| AIM OF THE EXERCISE |
Repeat the records in full. No pictures belong in the copy.

═══

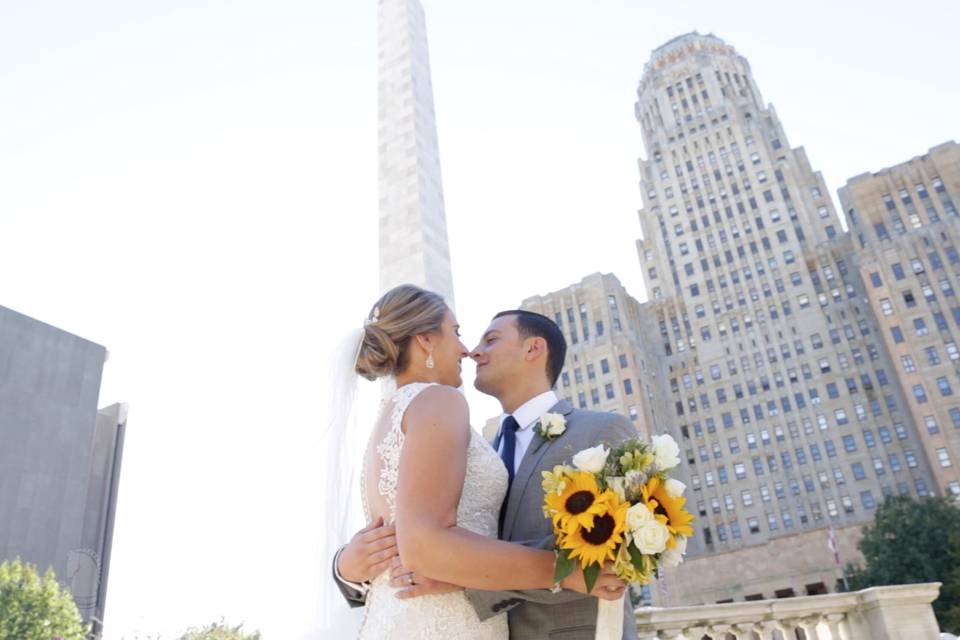 A couple standing in a cityscape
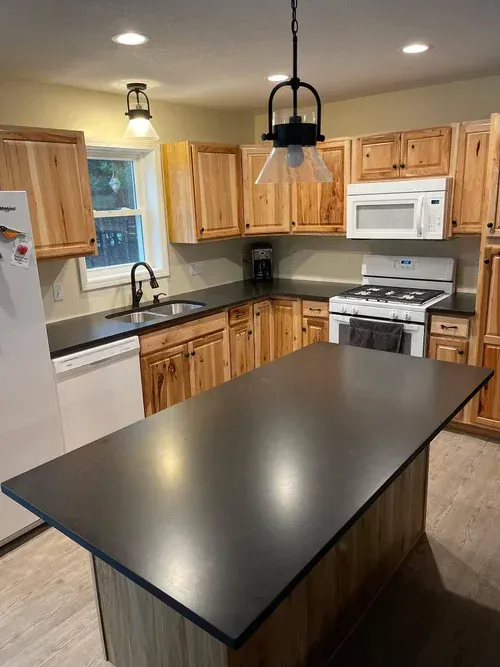 Kitchen with light wood cabinets, dark countertops, and a central island.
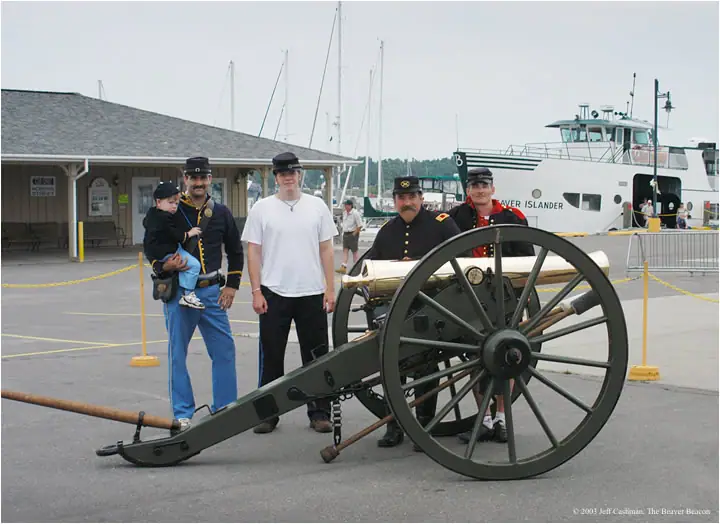 Five people, including uniformed adults and a child, pose beside a wheeled cannon near a ferry.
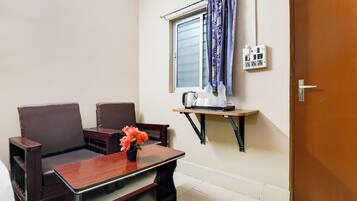 Una habitación pequeña con sofá, una mesa con un jarrón de flores, ventana con cortinas, hervidor eléctrico y toma de corriente.
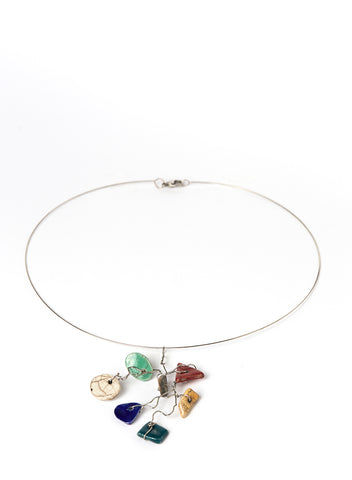 Collana leggera e contemporanea con filo d'acciaio armonico che lega un insieme vivace di piccoli elementi in ceramica Raku smaltata. 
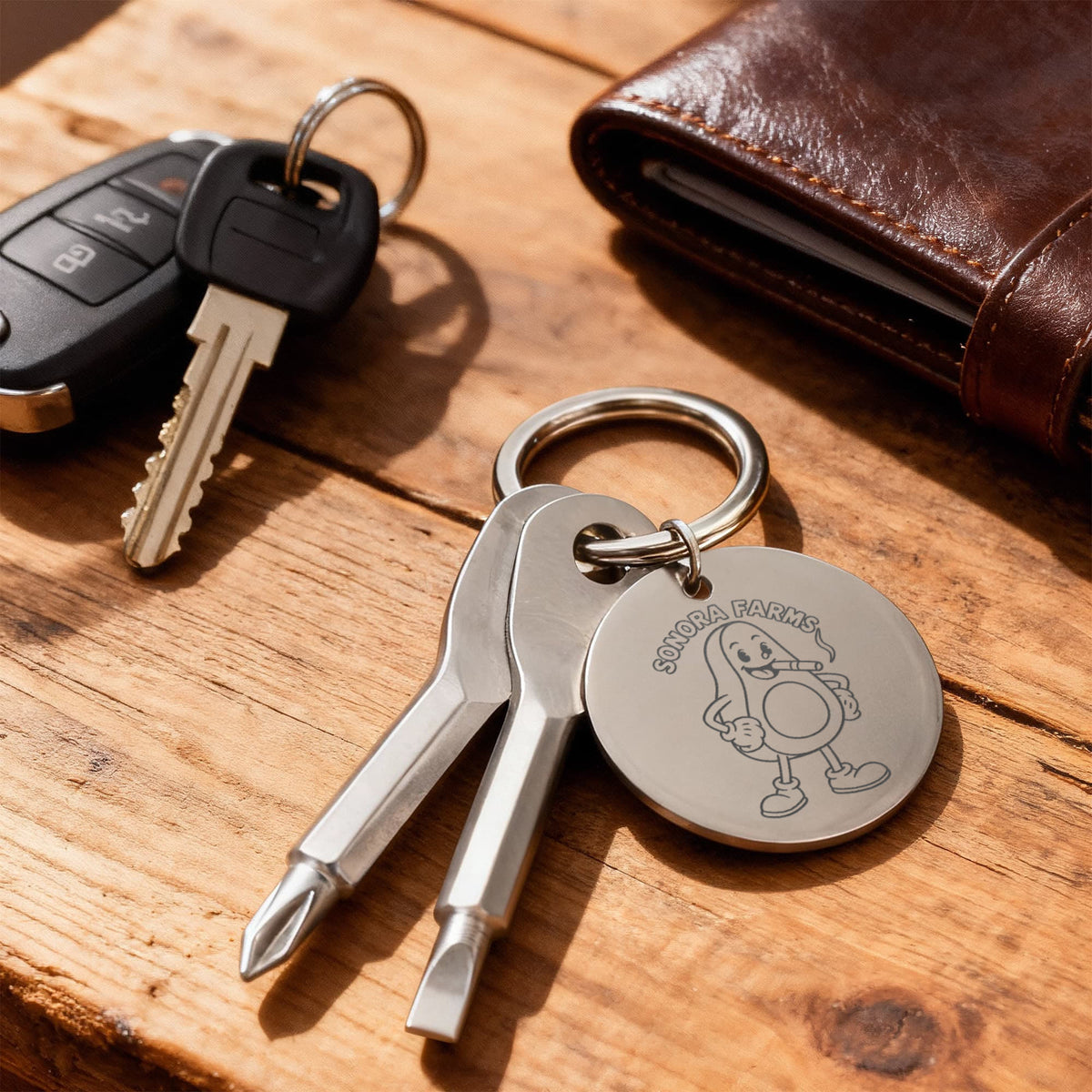 Silver logo screwdriver keychain beside keys and a wallet on a wooden surface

═══

| RESPONSE TO THE EXERCISE |
 A couple standing in a cityscape
 Kitchen with light wood cabinets, dark countertops, and a central island.
 Five people, including uniformed adults and a child, pose beside a wheeled cannon near a ferry.
 Una habitación pequeña con sofá, una mesa con un jarrón de flores, ventana con cortinas, hervidor eléctrico y toma de corriente.
 Collana leggera e contemporanea con filo d'acciaio armonico che lega un insieme vivace di piccoli elementi in ceramica Raku smaltata. 
 Silver logo screwdriver keychain beside keys and a wallet on a wooden surface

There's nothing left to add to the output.